New rules imposed by the World Curling Federation on Sept. 10 came out of May’s sweeping summit in Kemptville, Ont.

Gushue was one of the curlers involved in three days of testing overseen by the National Research Council. The new rules apply to WCF events, and by extension, competition sanctioned by Curling Canada.

The most visible change this fall on the World Curling Tour is all broomheads used for sweeping have the same colour and type of fabric produced from a single source.

“It’s just to make sure no brush has an advantage over another one,” Edmonton skip Val Sweeting said. “It’s all back to the thrower and shot management now.”

The material, produced in China, is given to manufacturers by a wholesale textile distributor in Canada.

“The fabric the athletes like the best, the one that we’re using now, had the least amount of coating and had some of the finer fibres,” said Scott Taylor, president of the curling equipment company BalancePlus.

“When we get the material in, we have to report specifics on each roll and provide a sample from each roll to the WCF, so if there is a problem down the road, it can be worked backwards.”

Other new rules include:

— Each curler on a team declares his or her WCF-approved sweeping device at the beginning of the game and must use it for sweeping.

— No changing of brushheads during a game is allowed without permission from the chief umpire

— If an alternate player comes into the game, the substitute uses the broom of the person being replaced.

A player is disqualified and that team forfeits the game on a first violation in a single competition. A second offence in the same competition suspends all players on the team from WCF events for a year.

“We wanted strict penalties,” Gushue said. “(If) you got that same sharp fabric in the same mustard colour and try to sneak it past some people . . . I believe that deserves a harsh punishment.

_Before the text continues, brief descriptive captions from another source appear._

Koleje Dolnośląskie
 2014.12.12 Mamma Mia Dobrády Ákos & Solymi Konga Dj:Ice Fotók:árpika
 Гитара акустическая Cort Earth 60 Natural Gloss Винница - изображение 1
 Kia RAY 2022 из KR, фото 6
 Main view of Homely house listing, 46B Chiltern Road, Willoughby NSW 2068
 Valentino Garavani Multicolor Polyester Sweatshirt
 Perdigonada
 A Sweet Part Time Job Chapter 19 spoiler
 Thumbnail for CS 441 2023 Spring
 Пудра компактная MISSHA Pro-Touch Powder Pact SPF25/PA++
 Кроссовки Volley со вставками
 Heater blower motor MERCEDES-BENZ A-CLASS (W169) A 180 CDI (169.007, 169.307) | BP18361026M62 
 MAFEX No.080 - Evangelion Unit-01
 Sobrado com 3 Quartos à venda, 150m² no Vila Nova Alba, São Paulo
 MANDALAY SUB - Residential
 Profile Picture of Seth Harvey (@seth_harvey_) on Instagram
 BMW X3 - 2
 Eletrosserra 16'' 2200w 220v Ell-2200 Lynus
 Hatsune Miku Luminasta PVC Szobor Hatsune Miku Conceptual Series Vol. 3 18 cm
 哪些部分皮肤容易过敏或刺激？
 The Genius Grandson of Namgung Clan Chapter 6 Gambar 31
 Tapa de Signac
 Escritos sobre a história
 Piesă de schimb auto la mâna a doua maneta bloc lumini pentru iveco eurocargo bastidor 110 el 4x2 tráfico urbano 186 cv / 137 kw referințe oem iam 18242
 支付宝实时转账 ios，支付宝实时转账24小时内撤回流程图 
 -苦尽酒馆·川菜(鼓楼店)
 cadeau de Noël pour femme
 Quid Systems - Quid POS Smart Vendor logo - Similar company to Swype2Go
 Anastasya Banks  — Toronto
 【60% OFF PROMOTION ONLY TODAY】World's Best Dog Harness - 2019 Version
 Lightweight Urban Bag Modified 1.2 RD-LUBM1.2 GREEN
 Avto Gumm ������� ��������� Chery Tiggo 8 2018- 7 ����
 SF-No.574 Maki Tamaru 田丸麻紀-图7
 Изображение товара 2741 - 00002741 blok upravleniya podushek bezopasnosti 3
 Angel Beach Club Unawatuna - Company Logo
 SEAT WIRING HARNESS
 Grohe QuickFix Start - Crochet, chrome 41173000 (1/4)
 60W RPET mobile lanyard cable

To me, it’s not different than corking your bat in baseball.”

The Frankenbrooms spawned “directional sweeping” in which one sweeper at a time uses a downward stroke to either enhance the rock’s curl or make it run straight. It was a departure from the traditional tandem sweeping.

The new rules crack down on equipment, but not technique, so directional sweeping is still allowed.

“What we didn’t want was a whole bunch more officiating in our game,” Curling Canada’s high-performance director Gerry Peckham said. “We don’t have to be out there policing the angle of the brushing motion.

“The athlete group took it upon themselves, once they had identified this new fabric, to try every imaginable technique and angle to see if they could impact in a significant way how the rock behaved and they could not.”

But teams won’t give up on directional sweeping until they’re convinced it doesn’t work.

“Some people think it’s doing nothing. Some people think it still has some effect,” Carey said. “The only consensus is it has less effect. It’s negligible if it’s doing anything.

“In some cases, if it makes a quarter inch of difference, that’s enough.”

Added Gushue: “I do believe there’s still potential for directional to work. It’s going to be minimized. You’re probably going to get 10 per cent of what you could do last year if not much less.”

Olympic champion Jennifer Jones supports technological advances in curling, but not when they make her sport unrecognizable to her.

“It was pretty stressful last year and there were so many changes and it really did impact the game we love,” she said. “What happened last year was damaging the ice, impacting the playing surface and you can’t have that. That’s impacting the integrity of the game. Technology is great as long as it doesn’t impact the fundamentals of the game.”